* TASK INSTRUCTIONS
Your copy of the listing should match it exactly, only without pictures.

* INFORMATION SUPPLIED
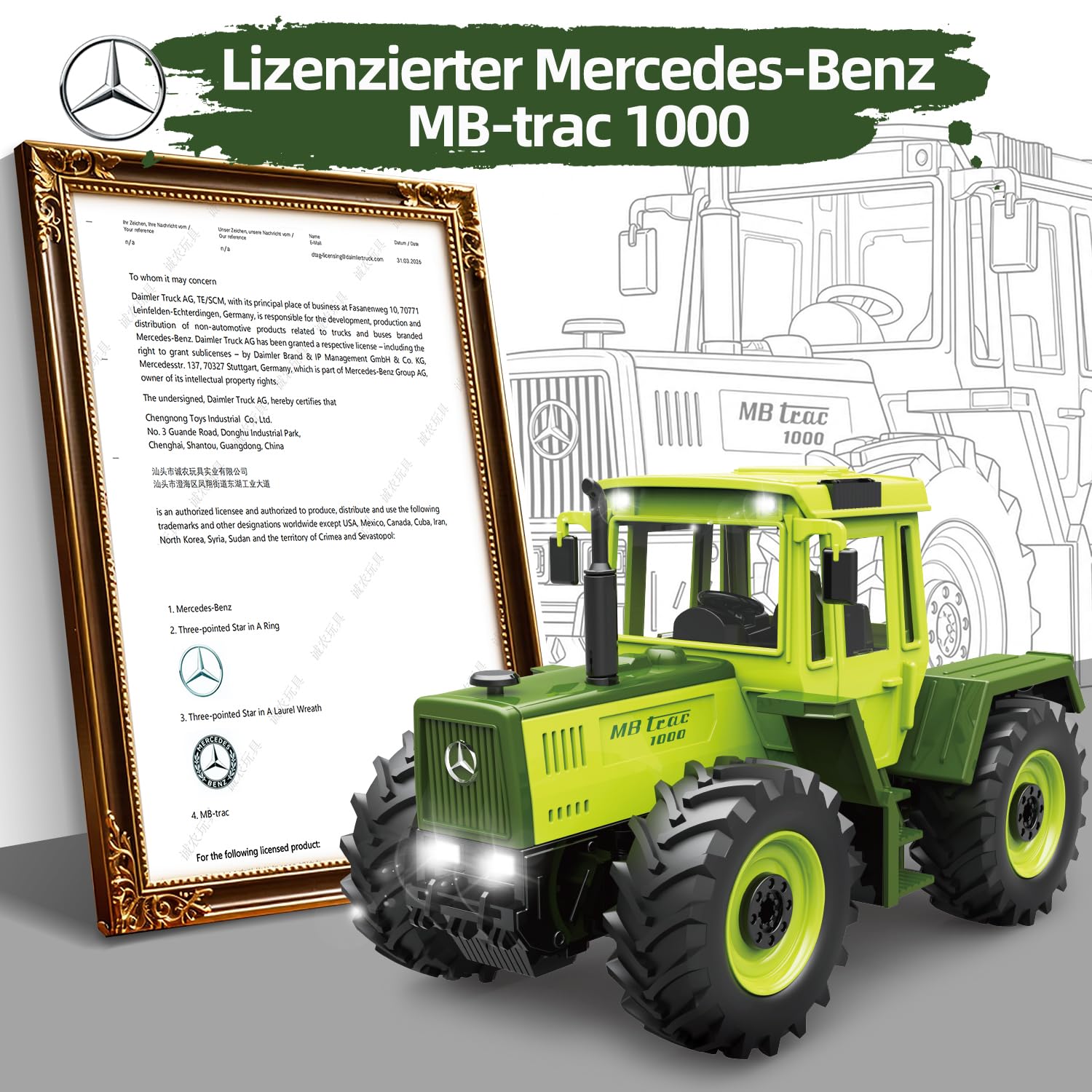 Ferngesteuerter Traktor Spielzeug ab 3 Jahre Mercedes-Benz MB-trac 1000 | Spielzeug traktor ferngesteuert, traktor mit anhänger spielzeug, farm spielzeug，Geschenk für Kinder Jungen ab 3 4 5 6 8 Jahre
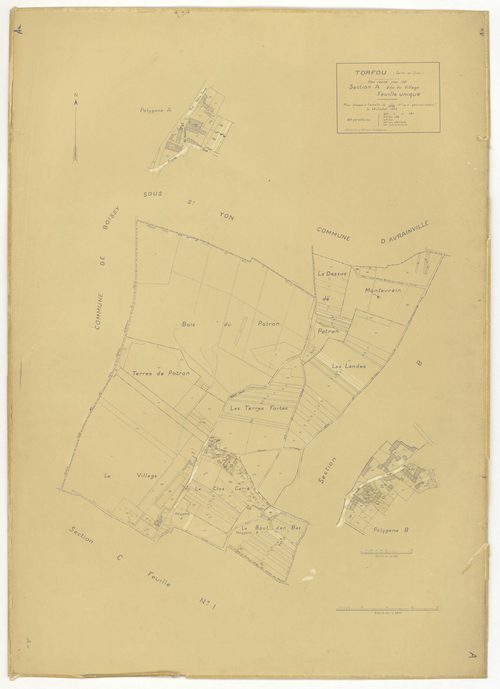 Plans minutes de conservation : TORFOU : tableau d'assemblage, ech. 1/5000 (1929-1931), sections A, B, C1, ech. 1/2500 (1929-1931) ; section C2, ech. 1/2500 (1929-1976), NB et couleur, papier, 105x80 [5 plans]. 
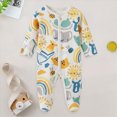 thumbnail image 2 of KPOPLK Baby Pajama with Mitten Cuffs Button Down Clothing Infant Cotton Clothes Sleeper Pjs, Footed Sleep Play Size 0-3 Months, 2 of 6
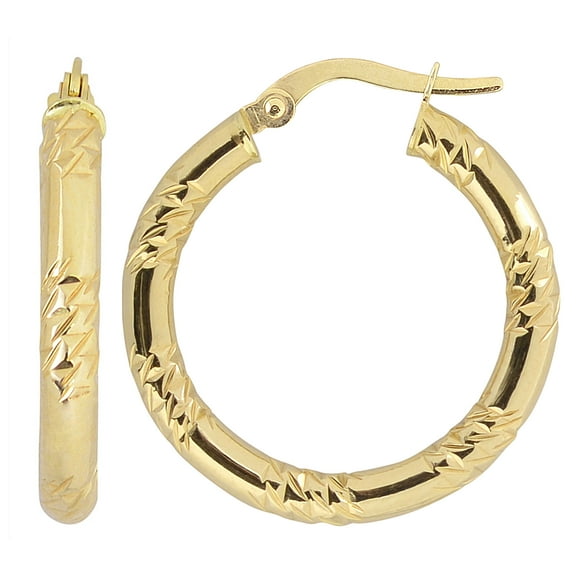 KoolJewelry 10k Yellow Gold 3x20mm Diamond-cut and High Polish Hoop Earrings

* ANSWER
 Ferngesteuerter Traktor Spielzeug ab 3 Jahre Mercedes-Benz MB-trac 1000 | Spielzeug traktor ferngesteuert, traktor mit anhänger spielzeug, farm spielzeug，Geschenk für Kinder Jungen ab 3 4 5 6 8 Jahre
 Plans minutes de conservation : TORFOU : tableau d'assemblage, ech. 1/5000 (1929-1931), sections A, B, C1, ech. 1/2500 (1929-1931) ; section C2, ech. 1/2500 (1929-1976), NB et couleur, papier, 105x80 [5 plans]. 
 thumbnail image 2 of KPOPLK Baby Pajama with Mitten Cuffs Button Down Clothing Infant Cotton Clothes Sleeper Pjs, Footed Sleep Play Size 0-3 Months, 2 of 6
 KoolJewelry 10k Yellow Gold 3x20mm Diamond-cut and High Polish Hoop Earrings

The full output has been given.